= Beginning of Section =

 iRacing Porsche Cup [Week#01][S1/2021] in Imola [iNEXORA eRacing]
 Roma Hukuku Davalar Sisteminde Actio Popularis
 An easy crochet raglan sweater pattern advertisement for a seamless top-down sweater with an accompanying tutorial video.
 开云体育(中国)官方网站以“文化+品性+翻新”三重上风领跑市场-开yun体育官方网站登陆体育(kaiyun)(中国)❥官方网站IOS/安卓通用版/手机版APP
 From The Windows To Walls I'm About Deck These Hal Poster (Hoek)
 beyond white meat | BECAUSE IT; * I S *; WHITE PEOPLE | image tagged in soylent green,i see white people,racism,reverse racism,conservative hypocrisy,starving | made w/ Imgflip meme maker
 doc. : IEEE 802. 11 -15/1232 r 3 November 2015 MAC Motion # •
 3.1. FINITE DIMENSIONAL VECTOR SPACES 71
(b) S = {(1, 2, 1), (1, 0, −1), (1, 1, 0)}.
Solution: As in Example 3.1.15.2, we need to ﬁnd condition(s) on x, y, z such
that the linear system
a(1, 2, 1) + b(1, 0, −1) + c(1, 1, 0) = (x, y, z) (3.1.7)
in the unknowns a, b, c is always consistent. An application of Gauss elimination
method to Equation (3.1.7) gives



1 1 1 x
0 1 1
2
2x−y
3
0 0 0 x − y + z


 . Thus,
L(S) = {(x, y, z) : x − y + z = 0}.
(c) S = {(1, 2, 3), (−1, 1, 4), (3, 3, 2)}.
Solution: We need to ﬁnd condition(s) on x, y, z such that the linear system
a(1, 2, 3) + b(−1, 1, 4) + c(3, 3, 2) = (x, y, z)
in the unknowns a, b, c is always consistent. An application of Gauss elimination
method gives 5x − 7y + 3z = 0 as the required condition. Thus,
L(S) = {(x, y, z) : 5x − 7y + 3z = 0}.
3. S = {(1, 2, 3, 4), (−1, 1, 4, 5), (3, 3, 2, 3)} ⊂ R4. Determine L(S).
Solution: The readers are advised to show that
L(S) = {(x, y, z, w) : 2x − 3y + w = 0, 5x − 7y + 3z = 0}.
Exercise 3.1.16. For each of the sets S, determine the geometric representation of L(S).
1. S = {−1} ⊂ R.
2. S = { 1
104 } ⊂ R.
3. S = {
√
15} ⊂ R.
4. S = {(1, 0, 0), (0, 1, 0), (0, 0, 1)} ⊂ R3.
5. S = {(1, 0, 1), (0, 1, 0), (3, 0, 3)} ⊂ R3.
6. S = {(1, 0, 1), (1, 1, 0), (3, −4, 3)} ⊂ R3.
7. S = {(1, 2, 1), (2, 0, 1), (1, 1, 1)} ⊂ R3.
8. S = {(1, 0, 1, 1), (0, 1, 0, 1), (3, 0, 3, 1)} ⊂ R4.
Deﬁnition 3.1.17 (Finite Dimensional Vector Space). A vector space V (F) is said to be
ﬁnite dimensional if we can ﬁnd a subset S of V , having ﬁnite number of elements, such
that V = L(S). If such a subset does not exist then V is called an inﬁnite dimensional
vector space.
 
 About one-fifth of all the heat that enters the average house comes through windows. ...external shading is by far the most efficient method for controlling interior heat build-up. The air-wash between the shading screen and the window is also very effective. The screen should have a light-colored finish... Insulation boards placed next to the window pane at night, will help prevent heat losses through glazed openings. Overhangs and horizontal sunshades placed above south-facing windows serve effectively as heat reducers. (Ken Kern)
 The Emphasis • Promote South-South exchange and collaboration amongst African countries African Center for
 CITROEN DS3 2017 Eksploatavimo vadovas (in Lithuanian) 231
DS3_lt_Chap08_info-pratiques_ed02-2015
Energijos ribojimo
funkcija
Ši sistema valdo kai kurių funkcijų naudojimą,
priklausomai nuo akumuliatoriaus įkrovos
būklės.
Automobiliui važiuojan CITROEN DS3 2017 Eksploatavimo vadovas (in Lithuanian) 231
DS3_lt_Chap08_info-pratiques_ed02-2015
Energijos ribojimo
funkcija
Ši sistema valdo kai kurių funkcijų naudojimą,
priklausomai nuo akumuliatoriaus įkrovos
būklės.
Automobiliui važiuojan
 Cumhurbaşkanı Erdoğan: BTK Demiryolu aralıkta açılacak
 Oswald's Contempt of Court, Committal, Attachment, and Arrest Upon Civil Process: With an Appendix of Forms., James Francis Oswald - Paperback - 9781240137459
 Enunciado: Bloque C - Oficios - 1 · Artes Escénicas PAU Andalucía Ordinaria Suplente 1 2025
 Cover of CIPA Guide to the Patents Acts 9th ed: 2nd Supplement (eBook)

= End of Section =

DESCRIPTION OF THE TASK :: Transcribe the material above word for word.

YOUR SOLUTION ::
 iRacing Porsche Cup [Week#01][S1/2021] in Imola [iNEXORA eRacing]
 Roma Hukuku Davalar Sisteminde Actio Popularis
 An easy crochet raglan sweater pattern advertisement for a seamless top-down sweater with an accompanying tutorial video.
 开云体育(中国)官方网站以“文化+品性+翻新”三重上风领跑市场-开yun体育官方网站登陆体育(kaiyun)(中国)❥官方网站IOS/安卓通用版/手机版APP
 From The Windows To Walls I'm About Deck These Hal Poster (Hoek)
 beyond white meat | BECAUSE IT; * I S *; WHITE PEOPLE | image tagged in soylent green,i see white people,racism,reverse racism,conservative hypocrisy,starving | made w/ Imgflip meme maker
 doc. : IEEE 802. 11 -15/1232 r 3 November 2015 MAC Motion # •
 3.1. FINITE DIMENSIONAL VECTOR SPACES 71
(b) S = {(1, 2, 1), (1, 0, −1), (1, 1, 0)}.
Solution: As in Example 3.1.15.2, we need to ﬁnd condition(s) on x, y, z such
that the linear system
a(1, 2, 1) + b(1, 0, −1) + c(1, 1, 0) = (x, y, z) (3.1.7)
in the unknowns a, b, c is always consistent. An application of Gauss elimination
method to Equation (3.1.7) gives



1 1 1 x
0 1 1
2
2x−y
3
0 0 0 x − y + z


 . Thus,
L(S) = {(x, y, z) : x − y + z = 0}.
(c) S = {(1, 2, 3), (−1, 1, 4), (3, 3, 2)}.
Solution: We need to ﬁnd condition(s) on x, y, z such that the linear system
a(1, 2, 3) + b(−1, 1, 4) + c(3, 3, 2) = (x, y, z)
in the unknowns a, b, c is always consistent. An application of Gauss elimination
method gives 5x − 7y + 3z = 0 as the required condition. Thus,
L(S) = {(x, y, z) : 5x − 7y + 3z = 0}.
3. S = {(1, 2, 3, 4), (−1, 1, 4, 5), (3, 3, 2, 3)} ⊂ R4. Determine L(S).
Solution: The readers are advised to show that
L(S) = {(x, y, z, w) : 2x − 3y + w = 0, 5x − 7y + 3z = 0}.
Exercise 3.1.16. For each of the sets S, determine the geometric representation of L(S).
1. S = {−1} ⊂ R.
2. S = { 1
104 } ⊂ R.
3. S = {
√
15} ⊂ R.
4. S = {(1, 0, 0), (0, 1, 0), (0, 0, 1)} ⊂ R3.
5. S = {(1, 0, 1), (0, 1, 0), (3, 0, 3)} ⊂ R3.
6. S = {(1, 0, 1), (1, 1, 0), (3, −4, 3)} ⊂ R3.
7. S = {(1, 2, 1), (2, 0, 1), (1, 1, 1)} ⊂ R3.
8. S = {(1, 0, 1, 1), (0, 1, 0, 1), (3, 0, 3, 1)} ⊂ R4.
Deﬁnition 3.1.17 (Finite Dimensional Vector Space). A vector space V (F) is said to be
ﬁnite dimensional if we can ﬁnd a subset S of V , having ﬁnite number of elements, such
that V = L(S). If such a subset does not exist then V is called an inﬁnite dimensional
vector space.
 
 About one-fifth of all the heat that enters the average house comes through windows. ...external shading is by far the most efficient method for controlling interior heat build-up. The air-wash between the shading screen and the window is also very effective. The screen should have a light-colored finish... Insulation boards placed next to the window pane at night, will help prevent heat losses through glazed openings. Overhangs and horizontal sunshades placed above south-facing windows serve effectively as heat reducers. (Ken Kern)
 The Emphasis • Promote South-South exchange and collaboration amongst African countries African Center for
 CITROEN DS3 2017 Eksploatavimo vadovas (in Lithuanian) 231
DS3_lt_Chap08_info-pratiques_ed02-2015
Energijos ribojimo
funkcija
Ši sistema valdo kai kurių funkcijų naudojimą,
priklausomai nuo akumuliatoriaus įkrovos
būklės.
Automobiliui važiuojan CITROEN DS3 2017 Eksploatavimo vadovas (in Lithuanian) 231
DS3_lt_Chap08_info-pratiques_ed02-2015
Energijos ribojimo
funkcija
Ši sistema valdo kai kurių funkcijų naudojimą,
priklausomai nuo akumuliatoriaus įkrovos
būklės.
Automobiliui važiuojan
 Cumhurbaşkanı Erdoğan: BTK Demiryolu aralıkta açılacak
 Oswald's Contempt of Court, Committal, Attachment, and Arrest Upon Civil Process: With an Appendix of Forms., James Francis Oswald - Paperback - 9781240137459
 Enunciado: Bloque C - Oficios - 1 · Artes Escénicas PAU Andalucía Ordinaria Suplente 1 2025
 Cover of CIPA Guide to the Patents Acts 9th ed: 2nd Supplement (eBook)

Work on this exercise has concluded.